When opposed to the fabric and yarn sectors, the garment segment is a value-added section with a greater margin. As a result, the corporation employs around 83 percent of its fabric output and about 25% of its yarn production for captive consumption.
This vertically integrated alignment, according to analysts, has resulted in decreased raw material volatility and consistent Ebitda margins over time.
According to ICICIdirect, a higher proportion of garments improves the overall margin profile, with margins in the 22-23 percent range. The company has consistently maintained an 18 percent margin profile, a 20% average return on capital employed, and a debt to equity ratio of 0.3 times over the past several years.
KPR Mill is investing Rs 750 crore in two big capital projects. A textile facility worth Rs 250 crore and an ethanol facility worth Rs 500 crore are among them. It now has a yarn capacity of 1,00,000 million tonnes, a garment capacity of 115 million pieces, and an ethanol production capacity of 130 kilolitres per day.
“Over the years FY11-21, KPR has had strong growth as a result of its steady capacity development and diversification into value-added industries. “We believe KPR’s stable financials and volume rampup in the garment industry and sugar market would enable the company maintain robust growth with strong profitability and return ratios,” said Antique Stock Broking, which has commenced covering with a target price of Rs 2,379.
The stock is valued at Rs 2,310 by ICICIdirect and Rs 2,360 by Sharekhan.
The goals show a possible upside of up to 22% from Tuesday’s BSE closing of Rs 1,979. This is despite the fact that the stock has more than doubled from its March 2020 low.
“With a new sugar facility of 10,000 tonnes crushed per day (TCD) and an ethanol capacity of 230 KLPD (to be operational in the next 10-12 months), the sugar division is expected to contribute around Rs 1,000-1,200 crore in the next 2-3 years,” Sharekhan said. He also expects the garment division’s margins to improve significantly in the coming years due to better realisation and higher volumes.
The sugar segment currently accounts for 14% of total revenues.
On the strength of a moderate growth in captive demand in the garment market, ICICIdirect anticipates revenues from the yarn and fabric divisions to stay stable going forward.
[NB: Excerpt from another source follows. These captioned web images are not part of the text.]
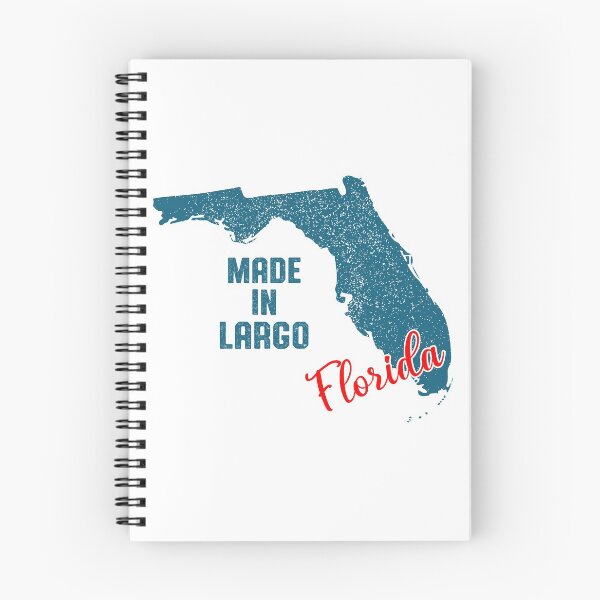 Item preview, Made In Largo Florida designed and sold by RightWing1776.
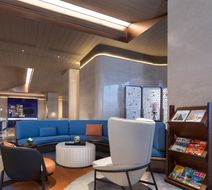 Hampton Chengdu Phoenix Hill Lobby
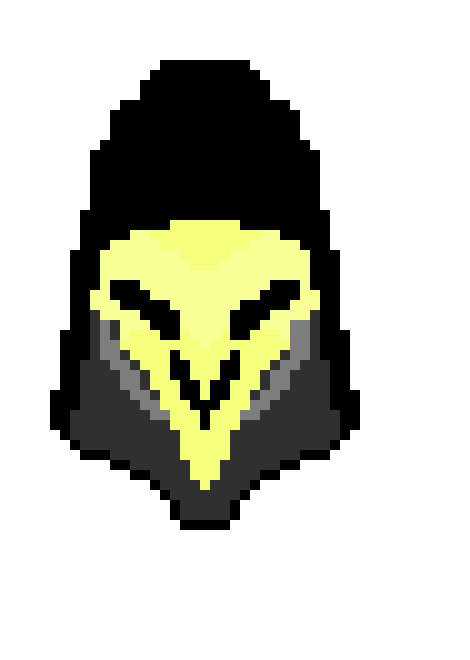 [9664c4] reaper overwatch head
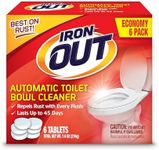 Iron Out Automatic Toilet Bowl Clea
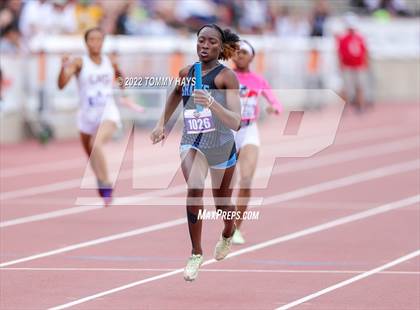 Thumbnail 2 in UIL 6A State Track Meet photogallery.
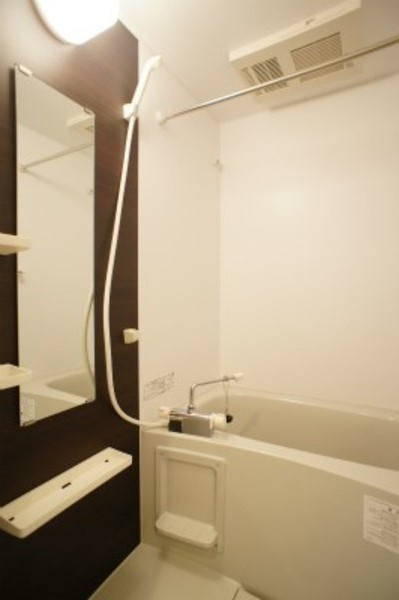 リブリ・ゆり本町の浴室|別部屋参考写真となります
The garmenting and sugar segments are expected to generate the majority of growth between FY21 and FY23, according to the brokerage (35 per cent annually).
“Capital deployment into value-adding initiatives, with a projected return on capital employed of 30% from garmenting and 22% from ethanol augur well for KPR,” the company added.
According to the brokerage, solid potential in the US market provide great visibility for continued export development. Currently, Europe is the most important market for clothing exports.
The company’s apparel order book has increased to Rs 700 crore from Rs 575 crore in the March quarter.
KPR Mill recorded a 178.7% YoY increase in net profit at Rs 168.7 crore in the previous quarter, with revenues up 71.2 percent to Rs 940.61 crore. Ebitda margin increased 90 basis points from the previous quarter to 24.9 percent. KPR maintained margins in excess of 20% for the seventh consecutive quarter, according to analysts.
economictimes.com is the source for this information.
The board of directors of K P R Mill has approved a stock split of equity shares; the stock is down 1%.
The Board of Directors of K P R Mill Ltd authorised the sub-division of one equity share of Rs.5/- each fully paid up into five equity shares of Rs.1/- each fully paid up at its meeting on July 27, 2020.
K P R Mill’s consolidated net sales in June 2021 were Rs903 crore, up 67 percent year on year.
K P R Mill was selling at Rs1,984.50 a piece at 10:14 a.m., down Rs17.75 or 0.89 percent.